Doucheflux. Pas de douche, pas de lingette!

ROBOT QUI ELECRTIGIEC’est le 24 décembre.  Vous êtes encore attablés.  Autour de vous sourient et palabrent tous les gens que la tradition a établis comme ceux devant être aimés par vous, en dépit des pires vacheries de l’oncle Untel ou du regard torve que vous lance depuis toujours tante Machin.  Les enfants, comme chaque année, ont parfaitement tenu leur rôle d’enfants : ils se sont égratignés férocement, se sont disputés la moindre miette de gâteau, se sont arrachés chacun les cadeaux rutilant de plastique (et peut-être de la sueur des mains pré pubères et lointaines qui y ont œuvré), avant de sombrer, exténués, dégoulinant de morve, les cheveux défaits, les habits uniformément tachés.  Tout cela sous le regard attendri des parents unanimes devant tant de belle innocence.   Vous êtes repus.  Tout baigne dans cette quiétude morne qu’on sait depuis toujours être l’annonce du pire, mais que vous n’avez, à ce moment, aucune envie de prendre pour autre chose que pour ce qu’elle semble être.  Délicatement bercé par l’illusion, et en cela un peu aidé par le vin de votre beau-père (aigre certes mais poliment efficace), vous vous surprenez à sourire à l’antédiluvienne blague sur les marocains-voleurs-de-mobylette que vous assène votre beau-frère, aussi hilare que son haleine est sure.  En un mot comme en cent : vous êtes bien.

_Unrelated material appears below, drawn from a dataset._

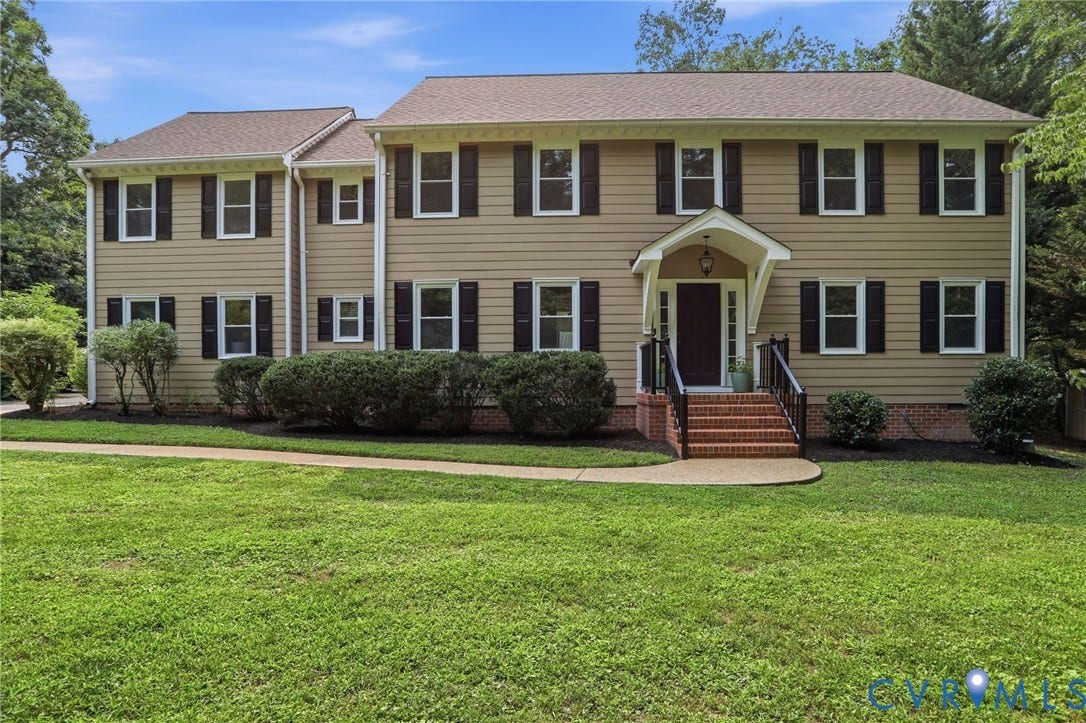 2904 Old Gun Rd W, Old Gun, Midlothian, VA 23113 Two-story residence featuring tan siding, dark shutters, and a covered front entry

Et puis, subitement (Est-ce l’haleine du commensal, ou l’odeur insistante des bougies sensées faire passer au second plan celle, pourtant entêtante, de la dinde dont on a, comme chaque année, méticuleusement gratté la carapace noircie juste avant de la glisser sur la table, qui vous ramène à votre vigilance olfactive?), subitement donc, vous portez vos doigts sous l’imposante éminence, qui à votre grand dam, depuis toujours et pour toujours (mais sans doute moins longtemps), vous sert de tarin.  Et là, vous humez le mélange des effluves de viande froide préalablement carbonisée, de mer, de raisin fermenté,  qui sont le versant odoriférant de tout ce que vous avez ingurgité bravement.  Et la corporéité de tout cela vous revient, comme un double soufflet appuyé sur vos joues pleinement rebondies et épanouies.  Vous sentez!  Et cette odeur, curieusement, vous fait honte!  D’un geste impatient, vous saisissez alors cette petite pochette que la prozacée mais attentive maîtresse des lieux a eu le bon goût de placer à côté de votre assiette.  Vous l’ouvrez, y plongez deux doigts malodorants, en sortez la lingette humide et citronnée que vous passez fébrilement sur les mains (surtout entre les doigts, où l’effluve, insidieuse, vicieuse, se dissimule le mieux).  Et vous espérez, secrètement, que ces aromes de citron (qui sont au truc jaune qu’ils sont sensés rappeler ce que Michel Onfray est à la philosophie), vous espérez donc que ces arômes viendront gommer cette odeur faite d’effluves mêlées.  Mais rien n’y fera!  La pestilence continuera, imperturbable, à imprégner vos muqueuses!  Car cette odeur, entêtante, n’est pas qu’une odeur.  Elle est votre culpabilité!

Tel est le sort auquel votre libraire vous a voué, vous qui n’êtes pas venu acheter durant le mois de décembre votre cadeau de pages et de mots dans sa modeste échoppe.  Vous qui, inconscient, déjà grisé sans doute par l’égoïsme festif, n’avez pas daigné verser votre obole à la propreté de votre prochain.  Vous le saviez pourtant, votre libraire vous avait bien prévenu, qu’il verserait 1 % de son chiffre d’affaire à Doucheflux, dont l’objectif est de permettre à tous la dignité de la propreté.  Vous le saviez!  Mais n’en avez rien fait!  Et c’est pour cela que votre libraire vous a maudit, vous condamnant à respirer à jamais l’odeur de ce repas.  Si le désarroi du démuni devant sa propre odeur n’a pu vous émouvoir, que celle de votre intempérance satisfaite et repue vous poursuive à jamais!  Pas de douches, pas de lingettes!